I didn’t realize when I picked up this title that it isn’t so much book as objet d’art, but oh, what a lovely, accessible objet it is!
At only twelve pages, this solid little tome is a compact work of art, cramming in arguably two short essays on the subject of Charles M Schulz’s inaugural Peanuts comic strip with archival photos and a marvelous feat of paper engineering. Honestly, the entire construction of this book is a delight, from the tri-part cover designed by Chip Kidd to the carefully constructed pop-up adaptation of said first strip that constitutes the bulk of the volume.
The pop-up parts do a terrific job of making an already artistically clever comic feel even more kinetic, as Charlie Brown “walks” through the first two frames, accompanied by the commentary of two other children in his neighborhood. Well, the commentary of one other child, technically. The other bears silent, if not tacit, witness to one of the most understatedly complex ways to introduce the main character of a 1950s cartoon.

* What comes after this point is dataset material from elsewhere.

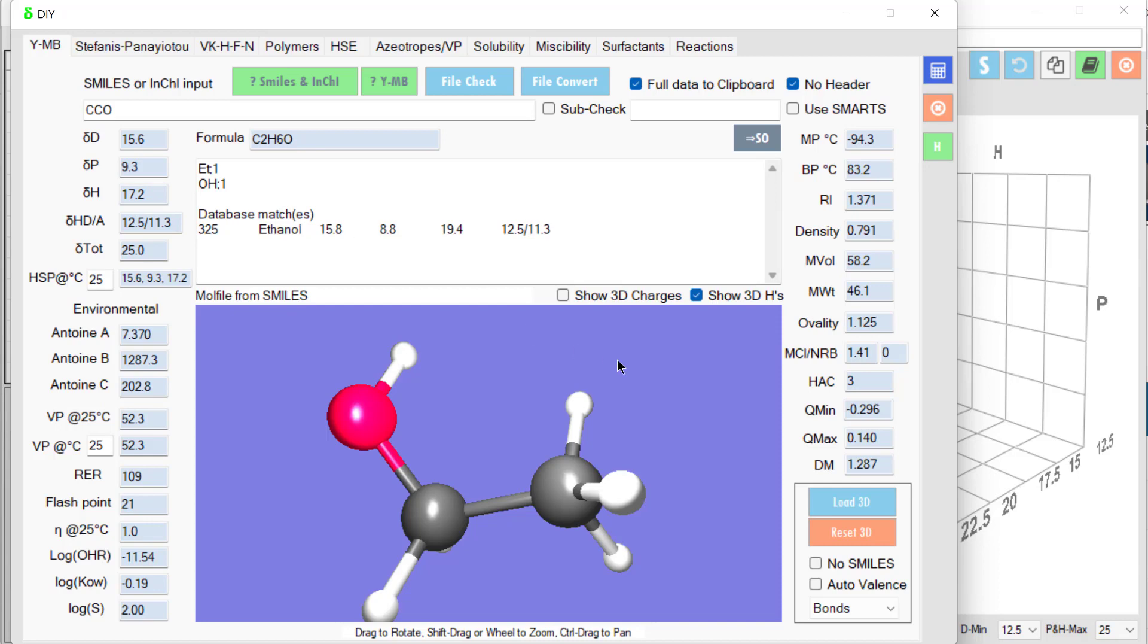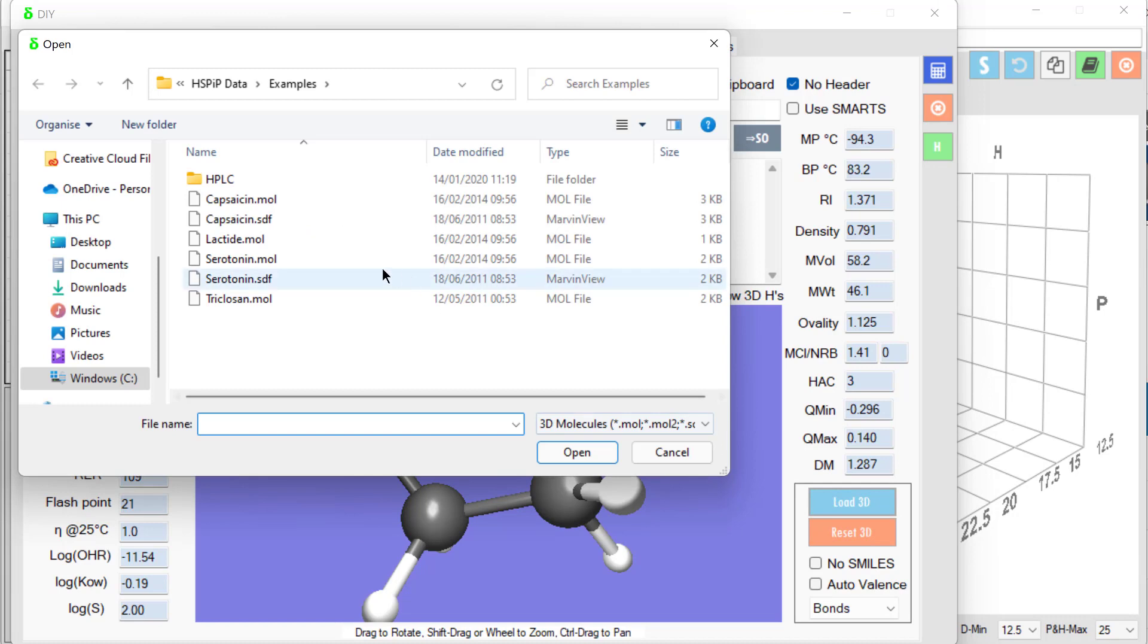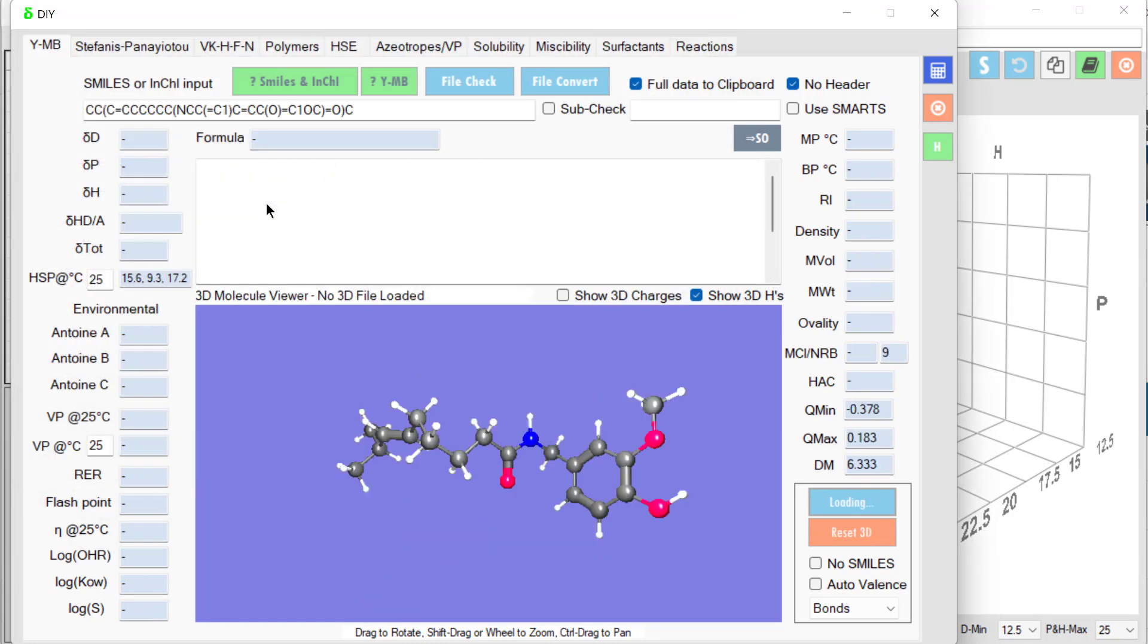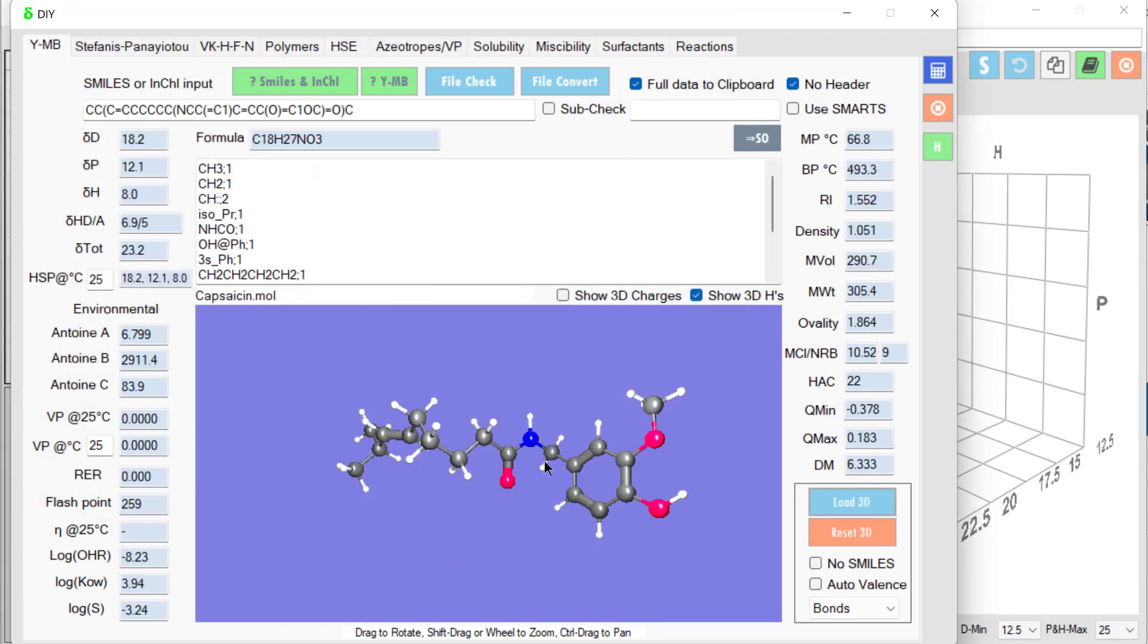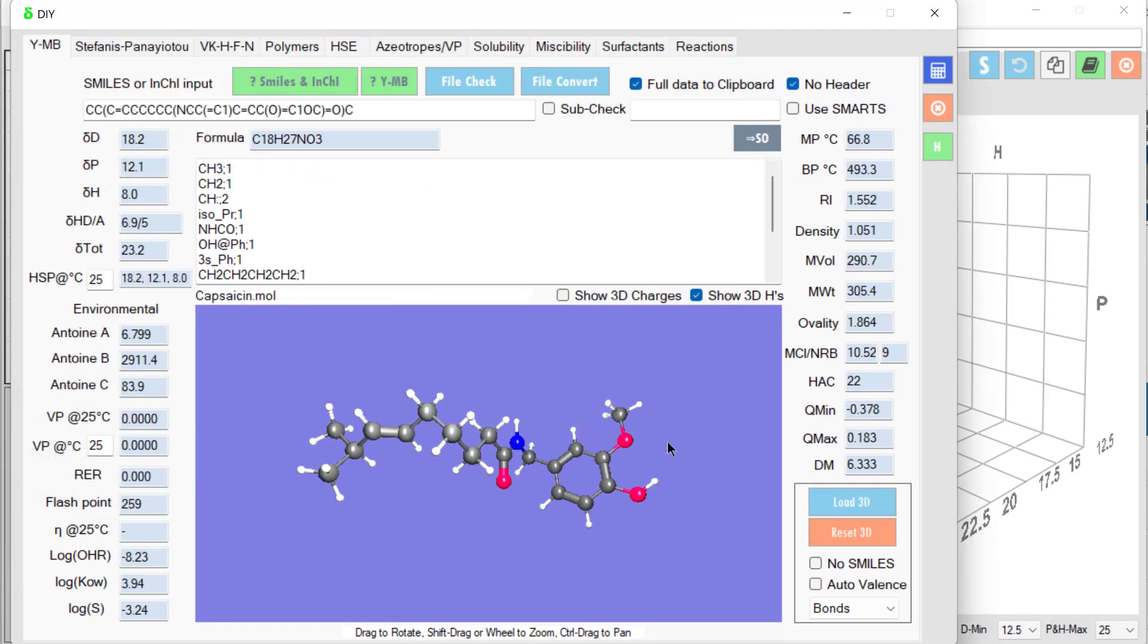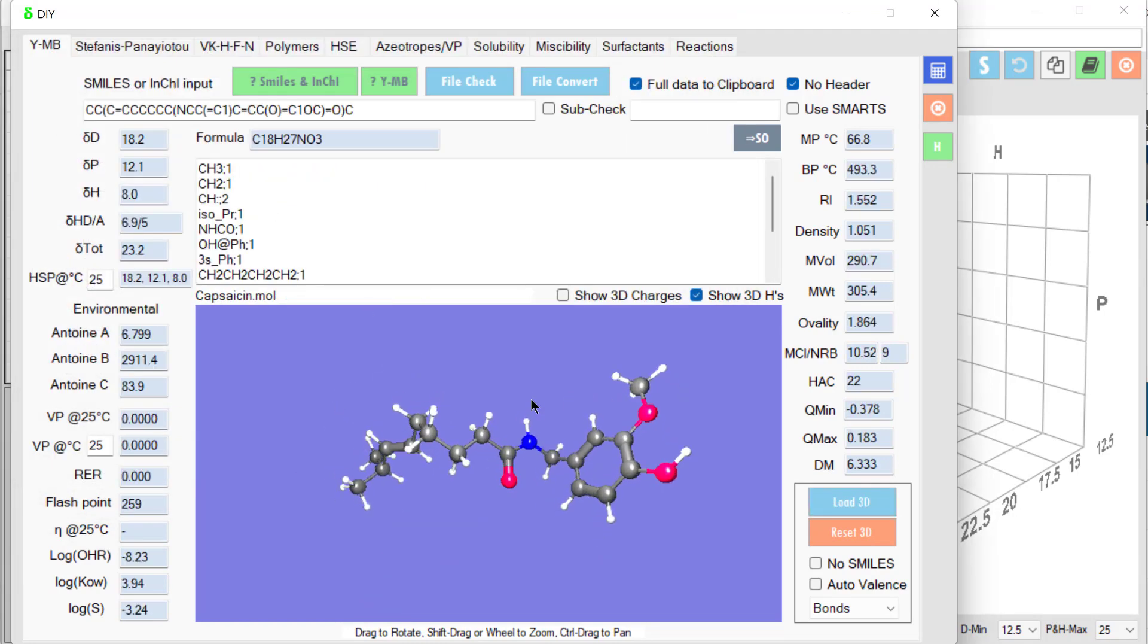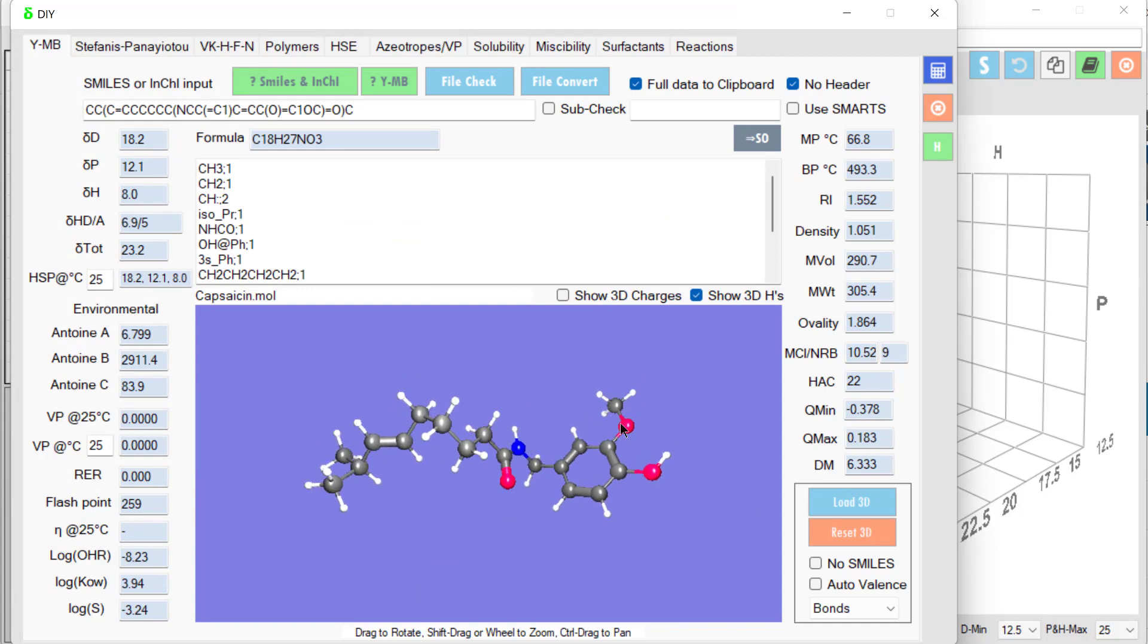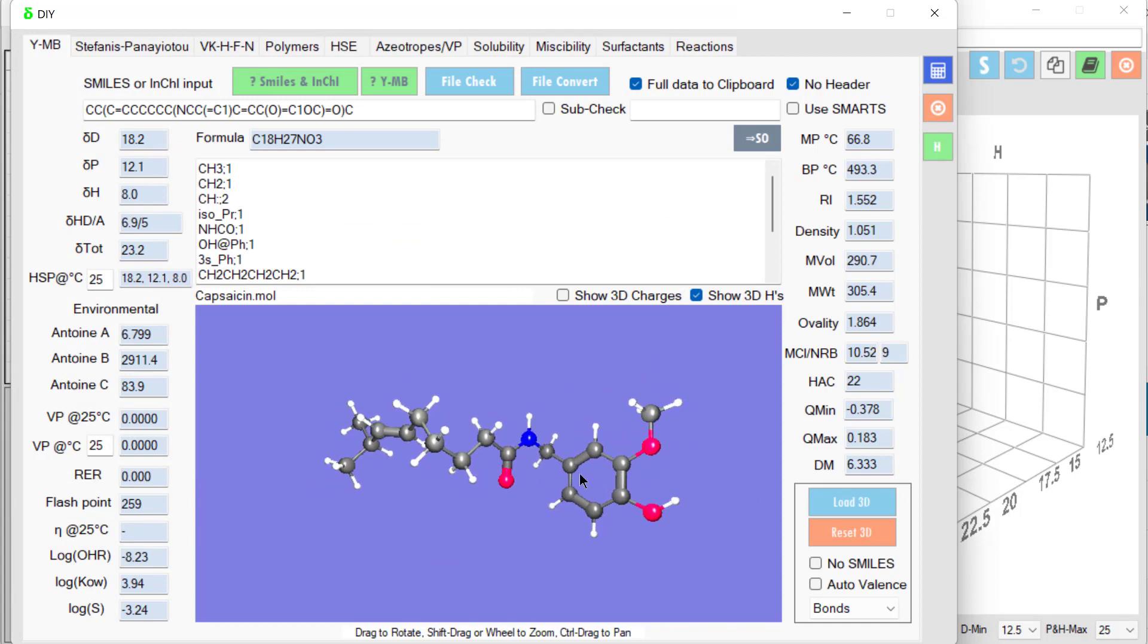We can load 3D structures, for example, capsaicin as a mole file. There it is. That's what gives chili its hot taste.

In addition to taking the liberty of reimagining these images in 3D, academic and artist Gene Kannenberg Jr has also colorized them, using era-appropriate commercial techniques that cannot help but evoke the stellar Pop Art work of Roy Lichtenstein. I’m definitely not the first person to look at the use of the Ben Day process in fine art and feel the same kind of satisfaction as I do with pointillism: having it applied here only emphasizes the nature of this book as a tidy little art piece.